Task prompt – Reproduce, exactly, the lines of the material below from the line containing "SinC J105 Championship Hey Jude Team 400" through the line containing "Un autobús con", with both end lines included and nothing else.

Dataset entries –
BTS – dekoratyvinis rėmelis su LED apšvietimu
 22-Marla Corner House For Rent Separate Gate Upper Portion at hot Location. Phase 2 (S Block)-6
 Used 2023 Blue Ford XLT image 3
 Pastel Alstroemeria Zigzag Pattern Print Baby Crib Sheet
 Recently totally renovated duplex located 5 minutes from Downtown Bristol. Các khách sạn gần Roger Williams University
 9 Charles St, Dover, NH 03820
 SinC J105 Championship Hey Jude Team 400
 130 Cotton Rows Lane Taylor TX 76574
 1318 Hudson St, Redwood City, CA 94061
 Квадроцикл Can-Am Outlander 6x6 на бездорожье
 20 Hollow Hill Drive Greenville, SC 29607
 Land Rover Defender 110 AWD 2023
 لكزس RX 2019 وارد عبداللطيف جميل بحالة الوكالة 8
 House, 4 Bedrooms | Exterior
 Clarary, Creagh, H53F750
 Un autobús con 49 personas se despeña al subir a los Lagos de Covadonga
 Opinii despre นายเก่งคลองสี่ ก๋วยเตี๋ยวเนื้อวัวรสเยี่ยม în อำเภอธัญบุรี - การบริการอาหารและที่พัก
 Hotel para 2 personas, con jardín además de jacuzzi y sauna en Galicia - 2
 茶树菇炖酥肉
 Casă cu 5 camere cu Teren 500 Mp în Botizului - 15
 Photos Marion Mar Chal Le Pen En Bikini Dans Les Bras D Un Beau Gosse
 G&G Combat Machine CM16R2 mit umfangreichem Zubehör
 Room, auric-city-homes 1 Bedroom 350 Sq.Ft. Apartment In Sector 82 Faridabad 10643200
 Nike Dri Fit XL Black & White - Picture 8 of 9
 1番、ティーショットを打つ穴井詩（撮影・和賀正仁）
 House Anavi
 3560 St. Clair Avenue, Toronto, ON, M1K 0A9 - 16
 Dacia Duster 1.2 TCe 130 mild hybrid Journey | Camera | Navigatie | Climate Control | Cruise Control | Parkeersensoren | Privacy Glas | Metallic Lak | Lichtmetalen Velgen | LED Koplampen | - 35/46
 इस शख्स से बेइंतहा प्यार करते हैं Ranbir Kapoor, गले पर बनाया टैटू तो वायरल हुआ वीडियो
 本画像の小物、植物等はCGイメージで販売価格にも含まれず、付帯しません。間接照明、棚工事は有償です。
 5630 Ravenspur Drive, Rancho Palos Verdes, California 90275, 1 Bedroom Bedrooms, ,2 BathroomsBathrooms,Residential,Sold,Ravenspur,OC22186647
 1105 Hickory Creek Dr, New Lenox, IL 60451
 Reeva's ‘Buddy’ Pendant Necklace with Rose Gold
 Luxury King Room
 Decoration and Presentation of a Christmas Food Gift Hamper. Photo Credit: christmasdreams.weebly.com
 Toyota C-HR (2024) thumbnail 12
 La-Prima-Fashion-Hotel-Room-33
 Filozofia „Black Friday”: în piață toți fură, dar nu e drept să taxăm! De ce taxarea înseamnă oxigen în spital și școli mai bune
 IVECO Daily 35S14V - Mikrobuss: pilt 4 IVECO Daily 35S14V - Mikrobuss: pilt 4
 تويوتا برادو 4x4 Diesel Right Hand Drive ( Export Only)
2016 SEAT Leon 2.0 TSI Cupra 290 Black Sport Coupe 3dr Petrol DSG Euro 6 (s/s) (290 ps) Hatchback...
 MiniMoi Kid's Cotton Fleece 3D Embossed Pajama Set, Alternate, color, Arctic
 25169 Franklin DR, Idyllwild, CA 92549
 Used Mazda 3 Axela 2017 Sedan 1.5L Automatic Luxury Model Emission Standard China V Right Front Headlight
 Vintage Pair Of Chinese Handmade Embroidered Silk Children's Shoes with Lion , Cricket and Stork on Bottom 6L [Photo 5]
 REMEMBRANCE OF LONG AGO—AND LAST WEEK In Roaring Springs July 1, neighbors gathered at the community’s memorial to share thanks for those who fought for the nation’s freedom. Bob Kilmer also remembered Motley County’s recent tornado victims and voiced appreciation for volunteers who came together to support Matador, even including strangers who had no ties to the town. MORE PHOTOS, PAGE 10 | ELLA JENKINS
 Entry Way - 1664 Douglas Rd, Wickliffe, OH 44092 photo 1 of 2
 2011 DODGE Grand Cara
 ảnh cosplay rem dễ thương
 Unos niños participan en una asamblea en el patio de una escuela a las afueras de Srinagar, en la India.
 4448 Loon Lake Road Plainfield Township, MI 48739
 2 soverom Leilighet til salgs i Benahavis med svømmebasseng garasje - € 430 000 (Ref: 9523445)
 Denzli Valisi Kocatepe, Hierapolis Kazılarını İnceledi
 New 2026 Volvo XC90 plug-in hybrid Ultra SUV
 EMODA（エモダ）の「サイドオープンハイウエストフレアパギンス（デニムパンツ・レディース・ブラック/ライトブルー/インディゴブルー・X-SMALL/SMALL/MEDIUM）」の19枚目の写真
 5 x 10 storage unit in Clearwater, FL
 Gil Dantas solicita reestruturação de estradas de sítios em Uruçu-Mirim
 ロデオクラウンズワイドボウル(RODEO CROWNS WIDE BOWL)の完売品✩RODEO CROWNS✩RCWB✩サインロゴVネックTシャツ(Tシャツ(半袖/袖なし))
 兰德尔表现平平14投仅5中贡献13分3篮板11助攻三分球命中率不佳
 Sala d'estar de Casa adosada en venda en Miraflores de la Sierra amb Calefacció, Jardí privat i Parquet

Worked solution –
 SinC J105 Championship Hey Jude Team 400
 130 Cotton Rows Lane Taylor TX 76574
 1318 Hudson St, Redwood City, CA 94061
 Квадроцикл Can-Am Outlander 6x6 на бездорожье
 20 Hollow Hill Drive Greenville, SC 29607
 Land Rover Defender 110 AWD 2023
 لكزس RX 2019 وارد عبداللطيف جميل بحالة الوكالة 8
 House, 4 Bedrooms | Exterior
 Clarary, Creagh, H53F750
 Un autobús con 49 personas se despeña al subir a los Lagos de Covadonga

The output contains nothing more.